Going into this project some of the advocates, including me, have been thinking of another approach to the problem of achieving compatibility of format among senders and receivers. Instead of having the complexity of a computer-mediated negotiation prior to sending a message, why not employ MIME in a manner that it has long been used, to include two levels of representation for a message: one that can be interpreted by any recipient (e.g., text or XML that can be reliably represented in text using a publicly available style sheet) and one that comprises to some public profile such as those that were produced by the HITSP tiger team. 

The latter form would only be available from sources that have the capability to create it, and sources that could not would not be precluded from initiating messages. Market forces, such as the requirement that 80% of labs be received in structured form, would drive increased use of the structured format.

Finally, my theory suggests no dynamic enforcement enforcement that the structured packages be limited to approved standard formats. For example, researchers working on advanced problems not covered by approved public format (and having IRB and patient consent to exchange protected health information) should be able to use ad hoc formats of their own design. 

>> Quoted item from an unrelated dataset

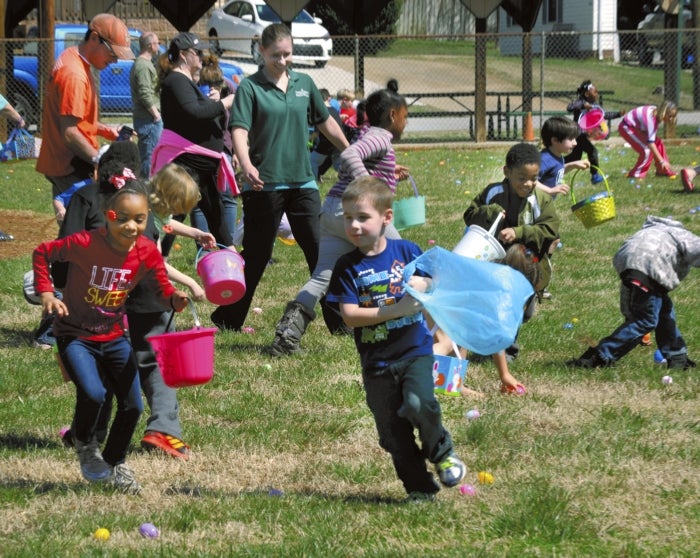 Coming out of the shell: Youngsters enjoy treats at Spencer Easter ...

In response to some concerns that have been raised any such approach should include the feature that the claimed format of the structured part of a transmission should be available to interface software without decryption. Therefore an entity that wants to reject messages that do not contain the structured format they want should be able to reject such incoming messages at the interface.

While it would be more elegant -- and more useful -- to have brokered interfaces or another means for dynamic negotiation of content, my own sense is that this is the kind of complexity to be avoided for early roll-out.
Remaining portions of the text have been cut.